----- MATERIAL FOR THE TASK
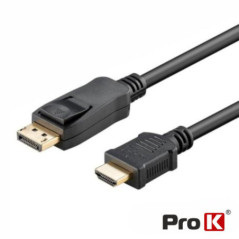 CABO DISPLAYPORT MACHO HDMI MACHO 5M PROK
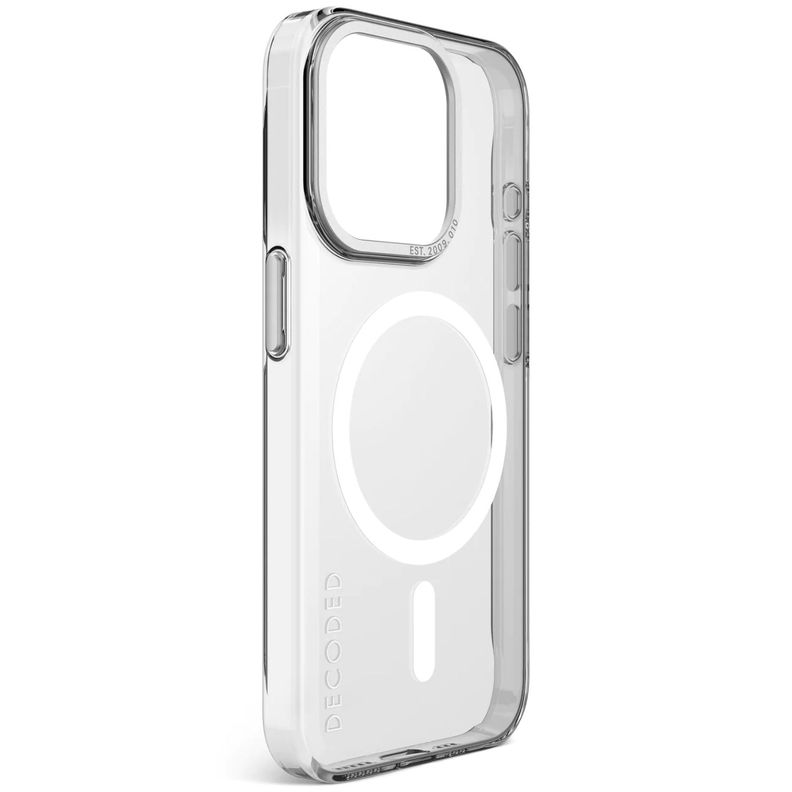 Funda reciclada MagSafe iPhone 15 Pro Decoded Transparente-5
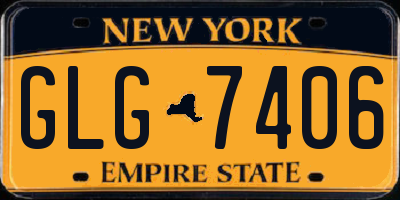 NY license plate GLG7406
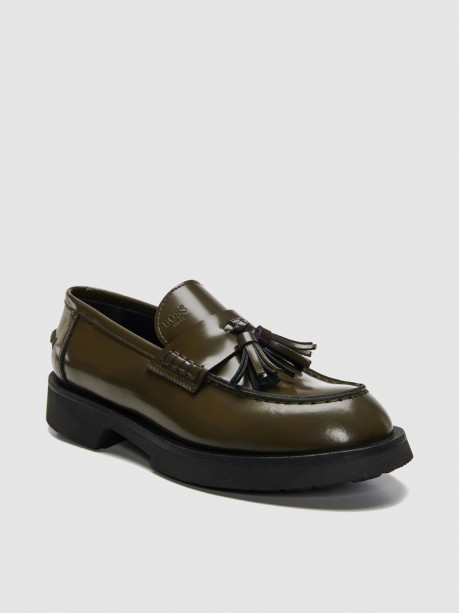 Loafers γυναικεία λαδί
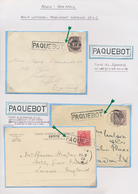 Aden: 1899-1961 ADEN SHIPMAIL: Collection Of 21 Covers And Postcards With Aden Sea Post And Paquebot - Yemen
----------
• TO DO:
Copy out only the lines beginning at the line with "NY license plate GLG7406" and ending at the last line of the entries. Keep them exact; drop pictures.

• ANSWER BELOW:
 NY license plate GLG7406
 Loafers γυναικεία λαδί
 Aden: 1899-1961 ADEN SHIPMAIL: Collection Of 21 Covers And Postcards With Aden Sea Post And Paquebot - Yemen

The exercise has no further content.